Better Bioimaging with a Liquid Lens

New device produces high-resolution 3-D images beneath the skin.

A new handheld probe uses near-infrared light and a liquid lens to create sharp three-dimensional images of lesions beneath the skin, in a few seconds. The device, created by Jannick Rolland of the University of Rochester, allows doctors to peer two millimeters below the skin’s surface to see, in particular, whether the cells beneath a mole show signs of being cancerous. If proved reliable, the probe could sharply reduce the number of biopsies that are necessary.

Skin deep: This device produces high-resolution 3D images of tissue beneath the skin.

The screwdriver-sized probe has a resolution of two microns, sufficient to see if the nuclei of cells are enlarged—a potential indicator of cancer. The device creates a 3-D image using an oil-water composite liquid lens. Applying a small amount of electricity to the lens causes it to change shape, and doing so repeatedly captures a wide range of focal distances.

One of the problems with imaging the skin is getting a high-resolution picture quickly, says Rolland. The system takes thousands of pictures, refocusing every 30 milliseconds at a different depth. An algorithm stitches the images together into a coherent 3-D whole. Rolland says the probe is now being tested in clinics and would be inexpensive to manufacture.

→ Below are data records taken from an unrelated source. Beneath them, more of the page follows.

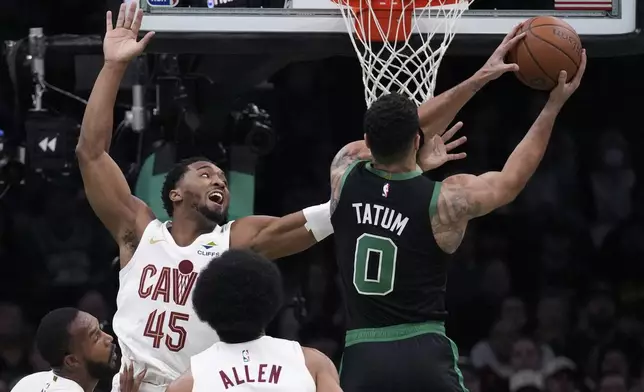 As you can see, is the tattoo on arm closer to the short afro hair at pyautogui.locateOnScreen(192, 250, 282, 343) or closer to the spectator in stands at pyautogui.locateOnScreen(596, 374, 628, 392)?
the short afro hair at pyautogui.locateOnScreen(192, 250, 282, 343)

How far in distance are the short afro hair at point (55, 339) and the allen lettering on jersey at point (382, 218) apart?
3.77ft

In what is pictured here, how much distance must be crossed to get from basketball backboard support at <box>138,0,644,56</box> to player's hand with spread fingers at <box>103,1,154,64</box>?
136 centimetres

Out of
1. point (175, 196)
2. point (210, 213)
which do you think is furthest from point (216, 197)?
point (175, 196)

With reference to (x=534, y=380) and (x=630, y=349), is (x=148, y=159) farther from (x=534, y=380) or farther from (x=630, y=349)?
(x=630, y=349)

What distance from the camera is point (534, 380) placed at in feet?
28.8

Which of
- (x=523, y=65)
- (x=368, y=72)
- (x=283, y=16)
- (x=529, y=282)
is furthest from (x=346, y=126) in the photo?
(x=523, y=65)

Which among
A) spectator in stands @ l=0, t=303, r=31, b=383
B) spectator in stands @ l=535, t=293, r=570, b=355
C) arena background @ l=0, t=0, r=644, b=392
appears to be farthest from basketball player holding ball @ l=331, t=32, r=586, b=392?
spectator in stands @ l=0, t=303, r=31, b=383

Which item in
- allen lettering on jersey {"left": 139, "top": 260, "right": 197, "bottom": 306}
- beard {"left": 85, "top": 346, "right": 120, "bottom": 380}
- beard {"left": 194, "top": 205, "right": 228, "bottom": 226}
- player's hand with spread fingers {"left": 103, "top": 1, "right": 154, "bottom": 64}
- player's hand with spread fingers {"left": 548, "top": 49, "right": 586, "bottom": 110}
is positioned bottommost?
beard {"left": 85, "top": 346, "right": 120, "bottom": 380}

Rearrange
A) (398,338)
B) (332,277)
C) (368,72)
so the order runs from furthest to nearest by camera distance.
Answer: (332,277), (368,72), (398,338)

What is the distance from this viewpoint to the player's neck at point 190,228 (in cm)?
534

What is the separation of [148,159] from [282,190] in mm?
1613

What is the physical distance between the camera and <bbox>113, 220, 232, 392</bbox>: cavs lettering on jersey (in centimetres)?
512

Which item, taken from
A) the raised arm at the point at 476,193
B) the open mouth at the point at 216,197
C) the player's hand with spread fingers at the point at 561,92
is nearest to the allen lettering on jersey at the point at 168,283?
the open mouth at the point at 216,197

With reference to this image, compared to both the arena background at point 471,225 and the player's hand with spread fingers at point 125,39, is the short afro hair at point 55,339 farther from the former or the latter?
the arena background at point 471,225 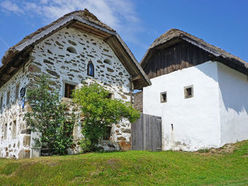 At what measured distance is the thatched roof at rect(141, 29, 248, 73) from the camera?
1325 cm

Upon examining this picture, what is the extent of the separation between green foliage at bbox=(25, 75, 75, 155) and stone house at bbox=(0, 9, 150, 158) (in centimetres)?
32

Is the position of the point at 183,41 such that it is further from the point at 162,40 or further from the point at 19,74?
the point at 19,74

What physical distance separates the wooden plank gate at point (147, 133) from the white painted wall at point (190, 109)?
1.82 ft

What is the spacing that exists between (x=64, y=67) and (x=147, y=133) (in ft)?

A doctor, she explains, will press against a suspicious-looking mole, and within minutes, it will give him or her a good idea whether a biopsy is necessary. The doctor will be able to see images way down to the level of the cell.  Rolland presented some of her findings at the American Association for the Advancement of Science meeting in Washington, D.C., last week.

Rolland has been discussing possible collaborations with eye doctors who want to take a close look at living tissue in the cornea, and with researchers who want to see how the skin acts as a barrier for pathogens. Already her technique is being combined with Doppler ultrasound to study the flow of blood through vessels beneath the skin.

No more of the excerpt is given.